Puenzo: From the beginning, we knew that if we wanted to explore gender violence, we really needed to go deep into all those spaces that that gender violence can occupy. In the last two years the word abuse has been redefined. For example, now we understand a teacher looking at her underaged student in a sexual way is a form of abuse. Maybe years ago, that wasn’t the case. Also, abuse resonates not just with direct victims, but it poisons society and undermines everything that we are, and it affects the men in these women’s’ lives as well as the women themselves.
The male characters aren’t all monsters.
Puenzo: All the writers knew that we had to work hard not to minimize men, not to harbor stereotypes or make them less complex with only men as the villains. We worked hard on understanding boys who grow up to commit a gender violence, and that they are not all the same. Some truly are psychopaths, others are slowly integrated into this horrible game, and others were innocent victims themselves.
“La Jauria” is also a study of how psychology is forged faster in a grossly mediated world of internet and politics. The battle for power is fought out via social media, TV.
Puenzo: In talking about the contemporaneity of the series, it’s interesting that it reflects on how everything is influenced and forged by media. This is a very modern take. And I think that is the scariest thing. We really wanted to build on the monsters that we have inside our homes, which means nobody comes out of the story clean or untouched by this game.
Larraín: One of the most problematic aspects of media today, especially among young people, is “like culture.” If you have lots of “likes” then you’re someone popular or interesting. Everything turns into an attraction, and I think this lobo game allows unknown people to be someone. It’s terrifying because you’re buying an identity, you’re buying applause from people you don’t know, and that can make you do terrible things.
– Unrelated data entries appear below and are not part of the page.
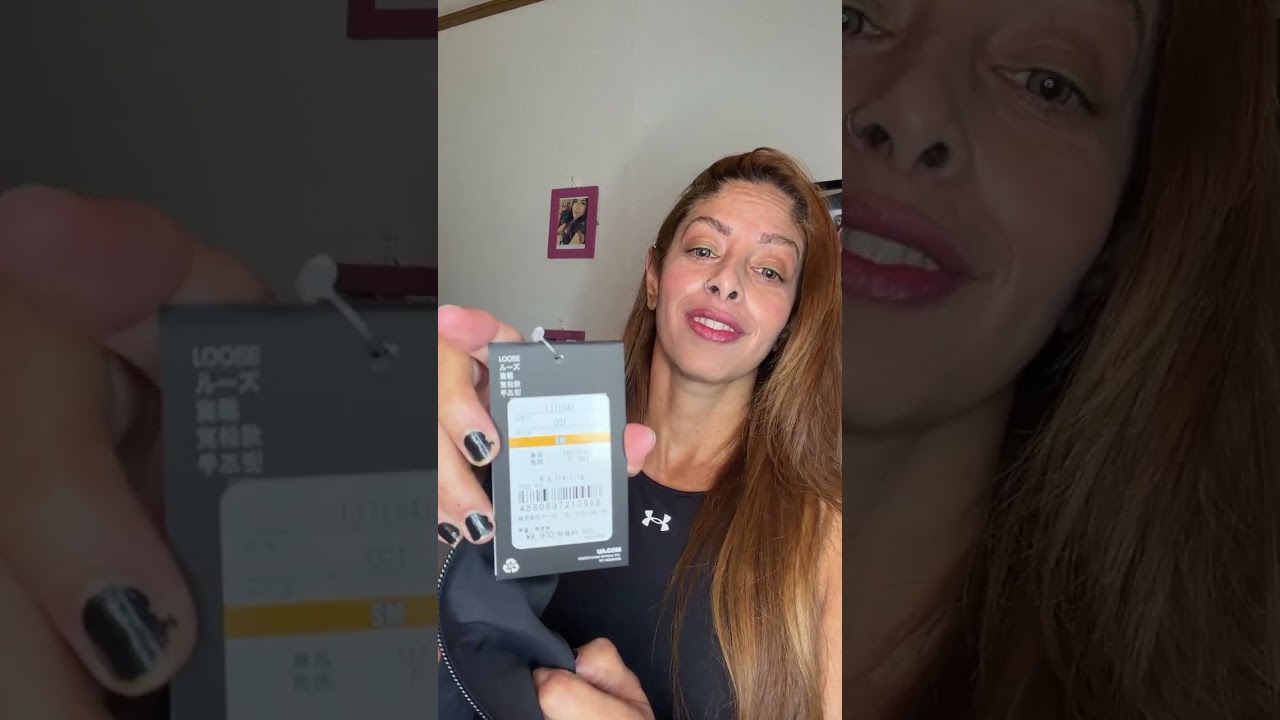 Comprei a Sacola da Sorte da Under Armour 2026 aqui no Japão e abri aqui no Canal Bina Pod Vídeos 😱🎁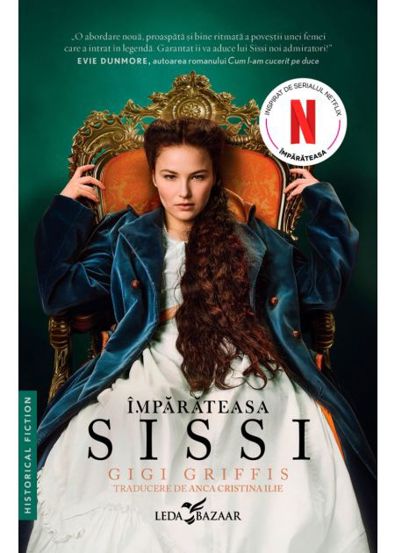 Imparateasa Sissi - 20,20 Lei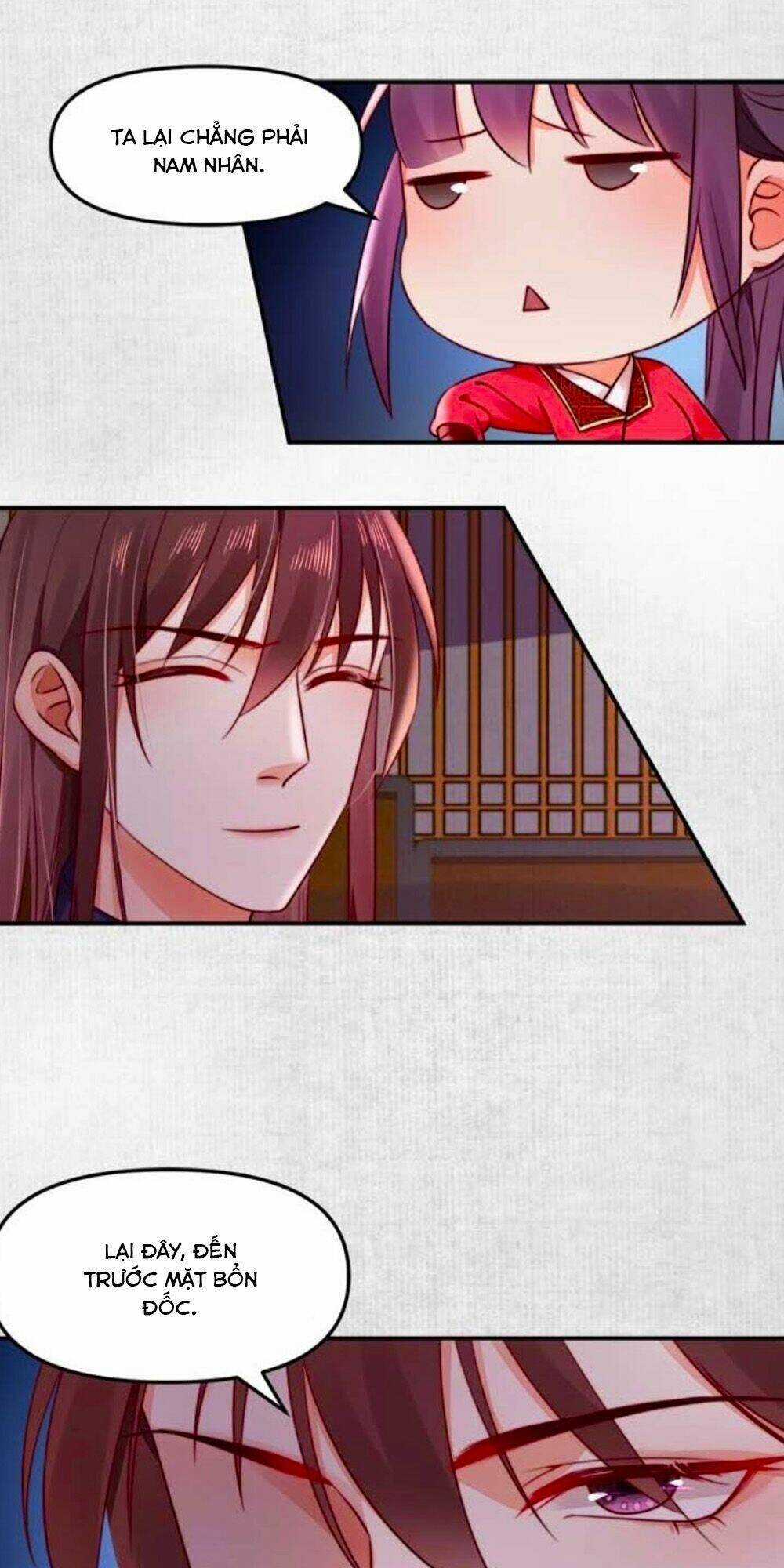 Hoạn Phi Hoàn Triều - Chapter 18 - Trang 23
“La Jauría” is produced by Chile and the U.K., but its showrunner and one director – Nicolás Puenzo – are Argentine. It’s an early example of burgeoning Latin American regional fiction business, both in film and TV. Could you comment?
Larraín: Fremantle asked for something local. Bringing in Lucia, someone that grew up in a different culture, was an amazing exercise because although we know each other well, it’s different trying to read another culture and do something local.
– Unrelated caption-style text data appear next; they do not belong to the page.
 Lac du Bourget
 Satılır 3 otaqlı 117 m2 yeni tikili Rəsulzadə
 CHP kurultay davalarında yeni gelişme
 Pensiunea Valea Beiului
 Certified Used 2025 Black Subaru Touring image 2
Vesper: I think Fabula have such a clear sense of story that it transcends the local. They can tell stories anywhere and I think that’s what attracted us to working with them. This was a story that absolutely made sense to tell in Santiago. But artists like Lucia can work anywhere and are not relegated to just Latin-America.
Puenzo: On “La Jauría” it has been vital to write with Chilean writers for local authenticity. I also think this Chilean cast was the most talented I’ve ever worked with.